Let’s take a moment to talk about destruction. Scales of destruction, to be precise. For earthquakes, we use the ‘Moment Magnitude Scale’, for tornados it’s the ‘Fujita Scale’ and hurricanes are classified according to ‘Saffir-Simpson’. There’s no official system for classifying destruction in movies per se (the ratings system is too broad), but if we were to put a name to it, the ‘Marvel Scale’ might be a good place to start.
-A ‘5' would be the most severe: your full-blown, blown-up world situation, where entire planets are either destroyed or critically imperilled (see: Guardians of the Galaxy, Thor: The Dark World, Fantastic Four: Rise of the Silver Surfer).

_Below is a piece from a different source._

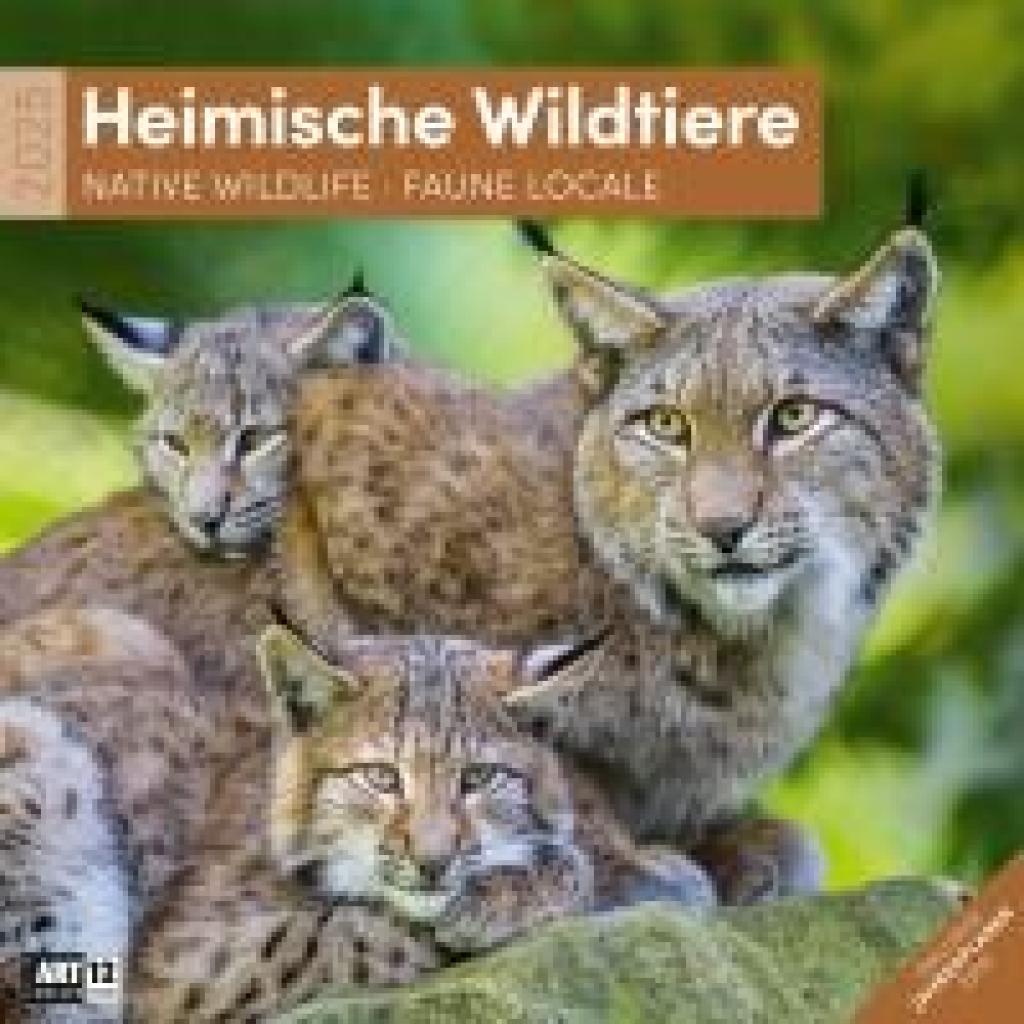 Ackermann Kunstverlag: Heimische Wildtiere Kalender 2025 - 30x30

-A ‘4’ would cover city-wide destruction, where entire skyscrapers tumble like box office records, generally with little or no regard for their hapless occupants (see: The Avengers, The Avengers 2: Age of Ultron).
-A ‘3’ is a shocking amount of destruction localised to a single area, such as a small town or neighbourhood, otherwise known as ‘a standard fight’ in just about every Marvel movie (see: Thor, Captain America: The Winter Soldier, Iron Man 2, X-Men Origins: Wolverine and anything with a Hulk).

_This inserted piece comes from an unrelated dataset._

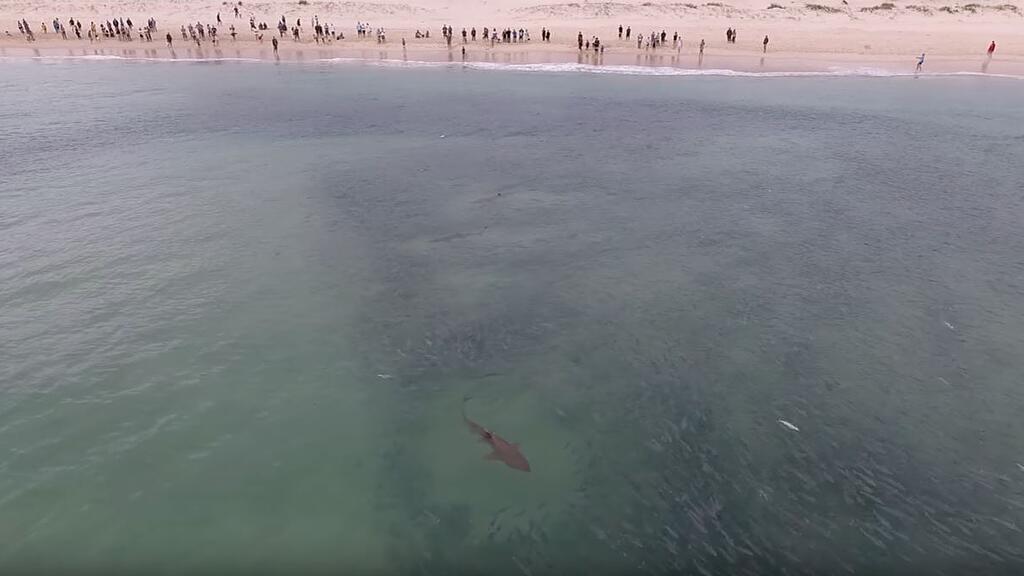 Das Video zeigt, wie nahe die Haie an den Strand kommen.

-A ‘2’ would cover destruction on the human scale, where countless pawns (ideally ‘baddies’, then soldiers/cops and, when permissible, innocent bystanders) are mowed down by alien weapons, unwieldly superpowers or falling debris (see: Blade: Trinity, X-Men: The Last Stand).

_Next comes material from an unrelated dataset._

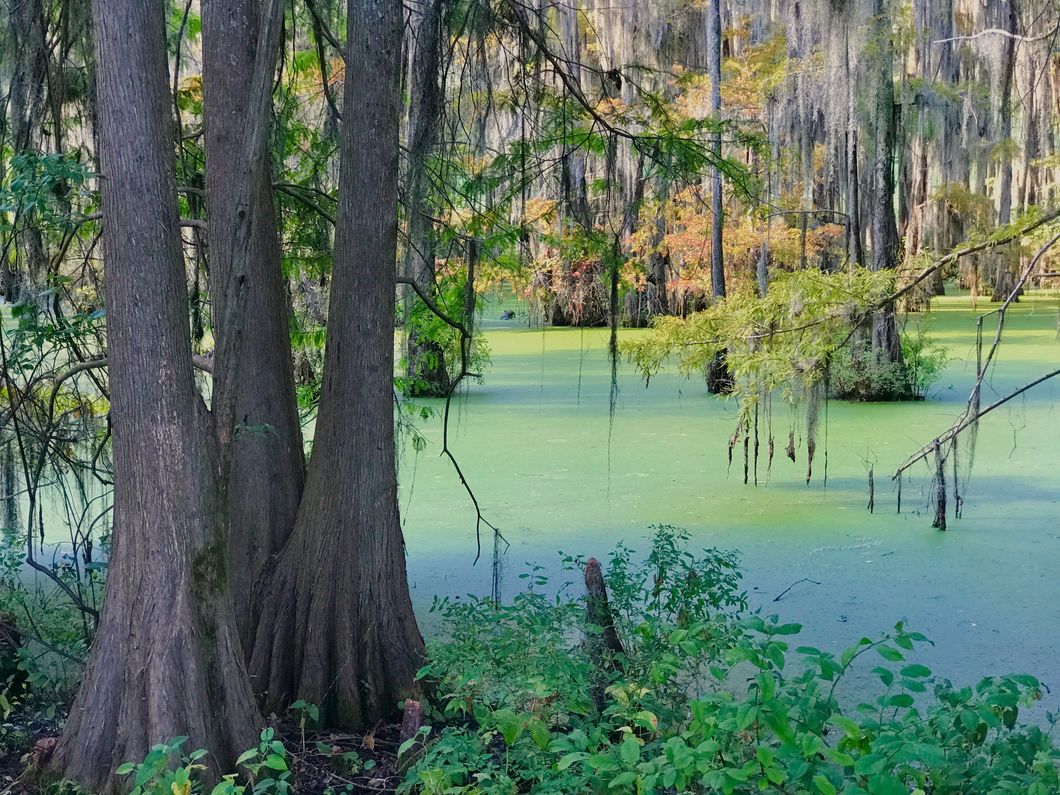 Poetry on Odyssey: Appalachian Angst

What, then, is a ‘1’? The answer is Ant-Man, where the violence is kept to such a minimum that the most meaningful casualty is an actual ant. An ant named ‘Antony’. What we get instead is a family-friendly Marvel movie where humour and dialogue offer a refreshing respite from all the usual, unimaginable carnage.
Marvel actually frames Ant-Man as a heist movie, and that’s a good way to look at it. When an unscrupulous scientist (played by House of Cards’ Corey Stoll) perfects the science of atomic manipulation – allowing humans to be shrunk to the size of an ant whilst capable of enormous feats of strength – his former mentor and the original inventor of the technology (Michael Douglas) recruits a cat burglar named Scott Lang (Paul Rudd) to steal the prototype military suit and destroy all related records, believing it to be a threat to global security. Lang is given his own special suit, one that allows him to shrink back and forth as he pleases, then trained both in martial arts and the ability to communicate with insects. Think 'Honey I Shrunk The Doctor Dolittle', combined with a little Matrix and a lot of Oceans 11.
The implications of a ‘Marvel-1’ movie cut both ways. The downside is that the stakes feel significantly lower, with ‘end of the world’ being replaced by ‘might get caught’ as the biggest threat for most of the film. Generally, though, it’s all upside, with the smaller-scale storyline (and unavoidably concomitant puns) allowing for a funnier and more intimate superhero tale. The size-related jokes are predictably frequent, but thankfully also creative enough to surprise, and apportioned evenly to allow for more general comedy as well.
As the title character Rudd is perfectly cast, allowing his boy-next-door charm to deliver Tony Stark level wise-cracks without the ego or arrogance to sour them. It’s the Peter Parker model, where self-deprecation reigns supreme and heroism is steeped in humility. Coupled with the comedic offerings of his ex-con buddies (led by a scene-stealing Michael Peña), and bouncing off the dry wit of his instructor/love interest Hope (Evangeline Lilly), Rudd simultaneously leads Ant-Man as confidently as any of his comic book compadres whilst downplaying it to a point that almost parodies the Marvel world in which it exists.
Funny, charming and very family friendly, Ant-Man is unquestionably light fare, but also a solid debut for what will almost certainly develop into a meatier and more assured trilogy.